• **Your goal**
If pictures appear in the lines below, skip them and copy exactly the lines from the one containing "Thiết kế bậc" through the one containing "cartoon weird alien", and nothing else.

• **Extracted records**
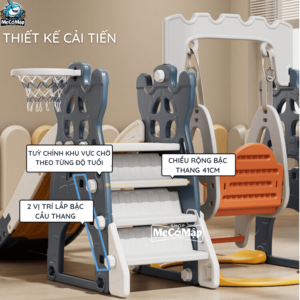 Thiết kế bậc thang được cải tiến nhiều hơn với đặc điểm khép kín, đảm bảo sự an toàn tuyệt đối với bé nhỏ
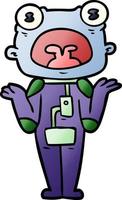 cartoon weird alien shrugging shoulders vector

* * *

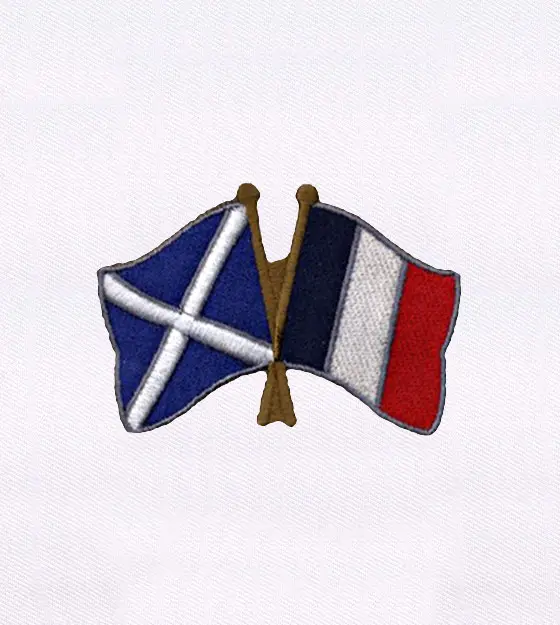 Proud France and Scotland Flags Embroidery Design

• **The answer**
 Thiết kế bậc thang được cải tiến nhiều hơn với đặc điểm khép kín, đảm bảo sự an toàn tuyệt đối với bé nhỏ
 cartoon weird alien shrugging shoulders vector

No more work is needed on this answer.